Provided material:
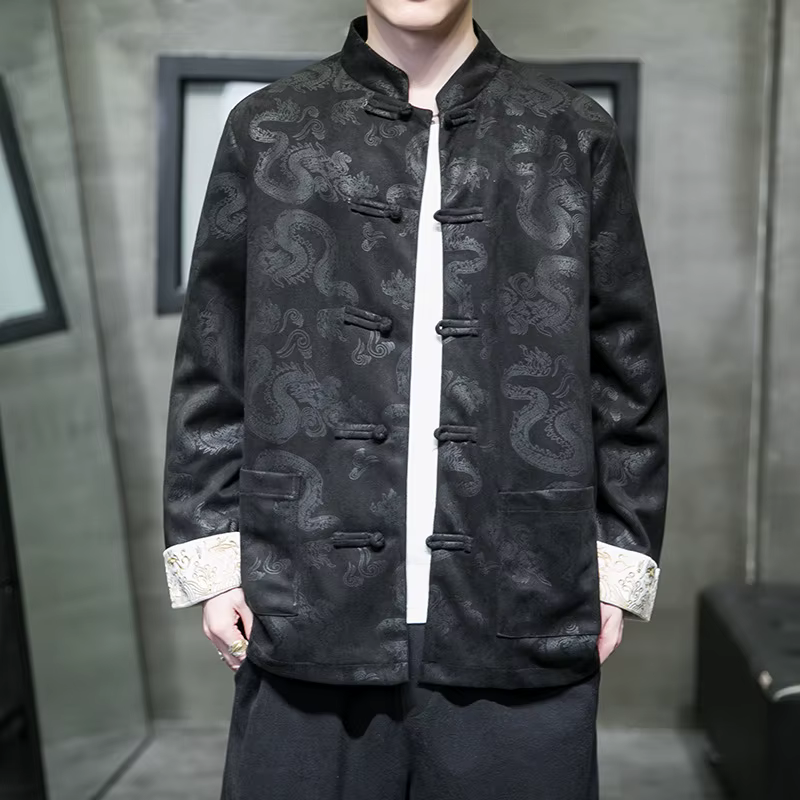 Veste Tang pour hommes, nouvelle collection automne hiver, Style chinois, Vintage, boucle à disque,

---

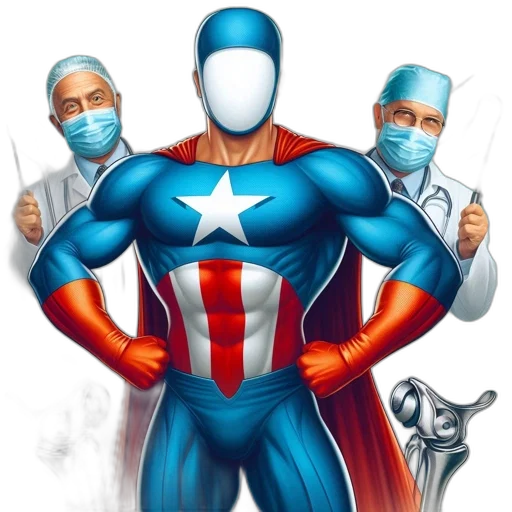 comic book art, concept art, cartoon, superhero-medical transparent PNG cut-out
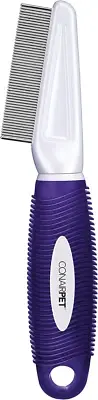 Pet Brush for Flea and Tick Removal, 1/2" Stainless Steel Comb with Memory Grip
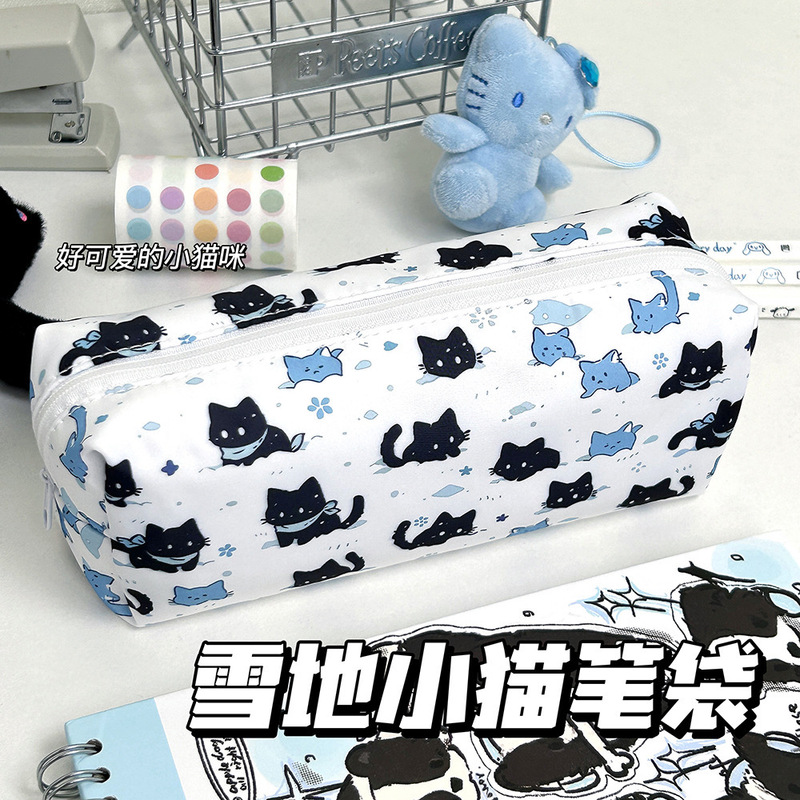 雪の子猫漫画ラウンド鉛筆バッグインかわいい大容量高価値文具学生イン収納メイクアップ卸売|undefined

--

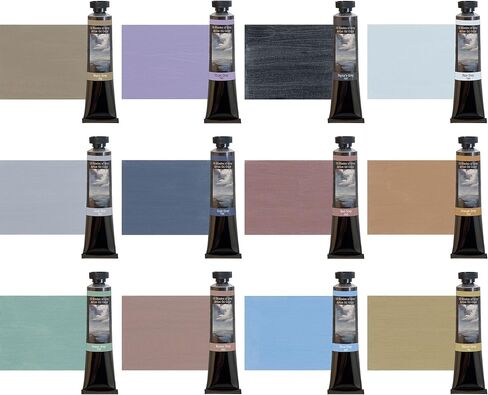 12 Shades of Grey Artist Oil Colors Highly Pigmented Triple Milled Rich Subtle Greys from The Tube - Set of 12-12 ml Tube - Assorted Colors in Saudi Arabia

Aim of the task:
Restate the lines above from the one containing "Pet Brush for" through the one containing "雪の子猫漫画ラウンド鉛筆バッ", inclusive, exactly and without pictures.

Your response:
 Pet Brush for Flea and Tick Removal, 1/2" Stainless Steel Comb with Memory Grip
 雪の子猫漫画ラウンド鉛筆バッグインかわいい大容量高価値文具学生イン収納メイクアップ卸売|undefined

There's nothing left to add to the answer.